## What is expected
Within the records below, reproduce without change the lines from the line that has "PP-0226-PULL-YNCK-COW" through the line that has "OCEAN JEWELS CLUB CONDO - Residential", and only those.

## Record excerpts
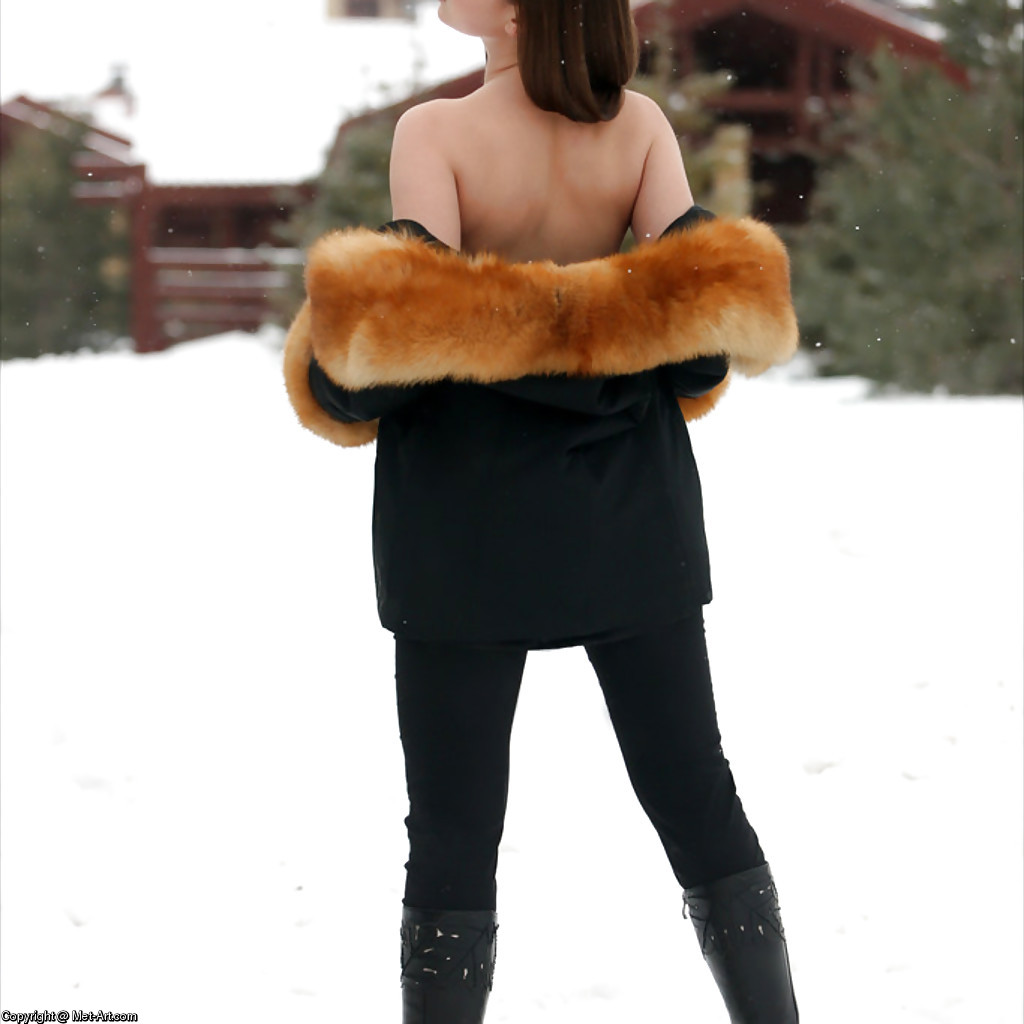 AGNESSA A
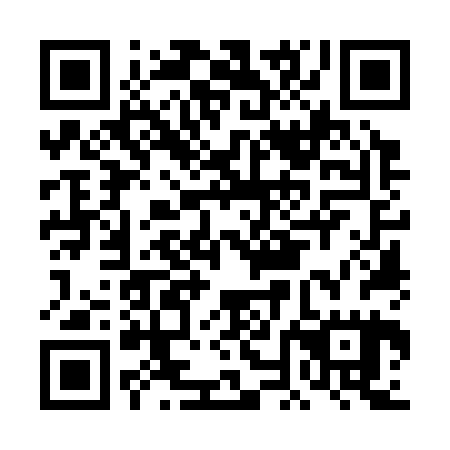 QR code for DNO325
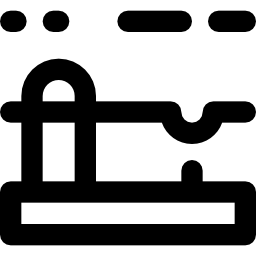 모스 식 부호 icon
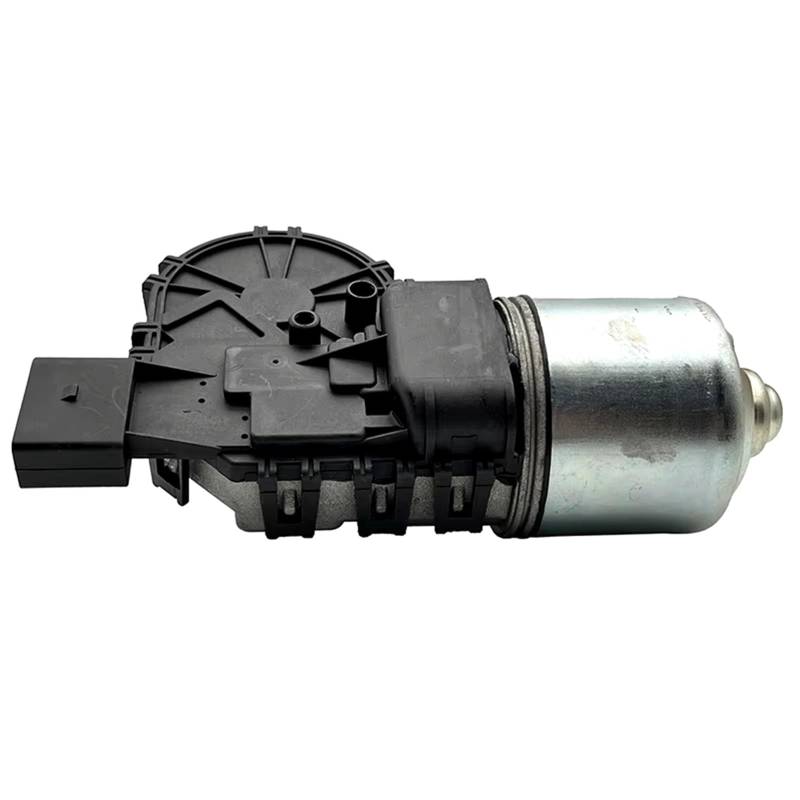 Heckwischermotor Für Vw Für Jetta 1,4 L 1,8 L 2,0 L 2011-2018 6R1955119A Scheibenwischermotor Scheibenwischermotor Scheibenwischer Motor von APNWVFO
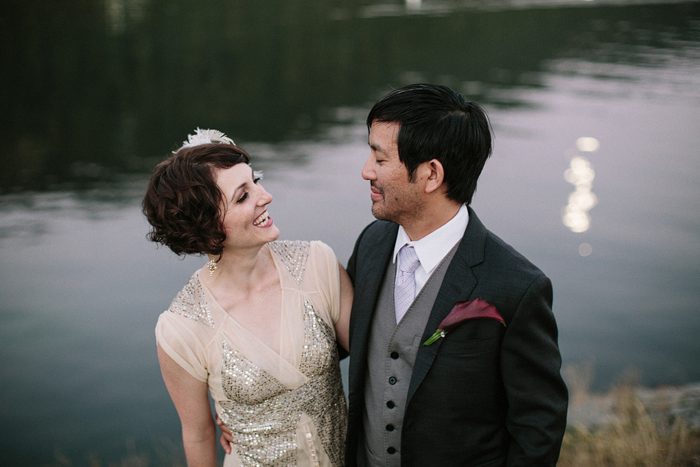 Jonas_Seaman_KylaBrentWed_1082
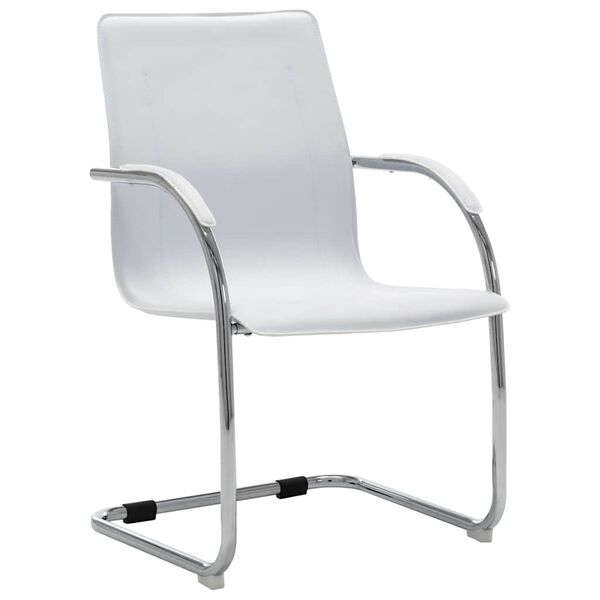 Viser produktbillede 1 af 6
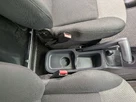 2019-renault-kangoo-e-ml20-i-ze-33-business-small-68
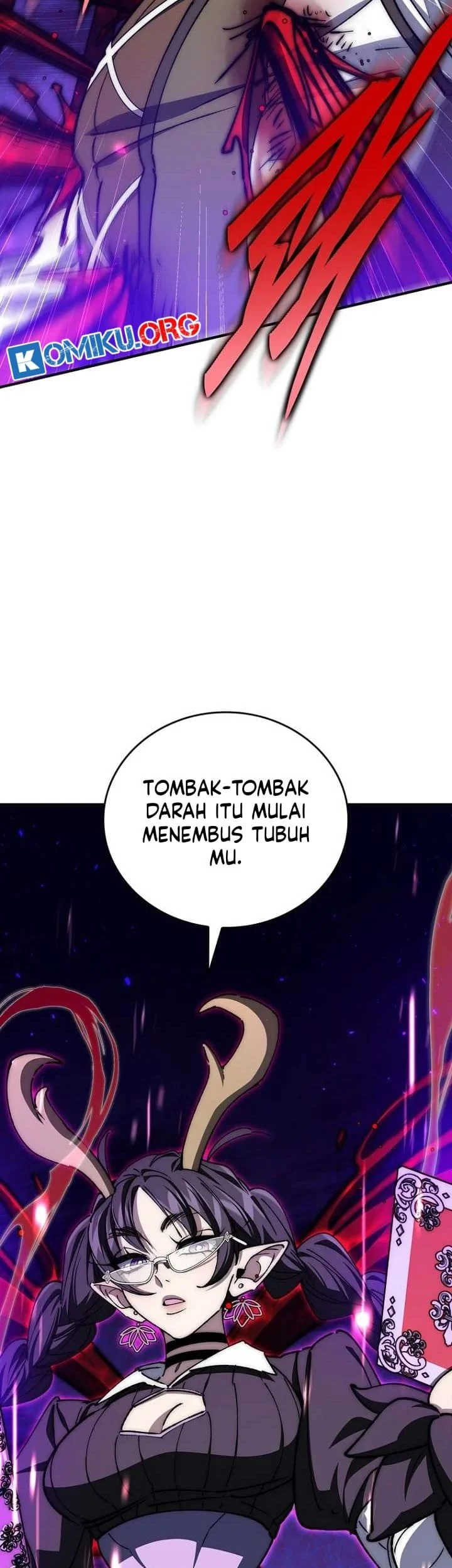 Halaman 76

* * *

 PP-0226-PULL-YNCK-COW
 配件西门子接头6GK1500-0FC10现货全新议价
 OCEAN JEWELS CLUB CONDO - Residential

...

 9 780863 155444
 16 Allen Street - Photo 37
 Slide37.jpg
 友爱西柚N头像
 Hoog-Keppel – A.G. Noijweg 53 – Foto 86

## Solution to this task
 PP-0226-PULL-YNCK-COW
 配件西门子接头6GK1500-0FC10现货全新议价
 OCEAN JEWELS CLUB CONDO - Residential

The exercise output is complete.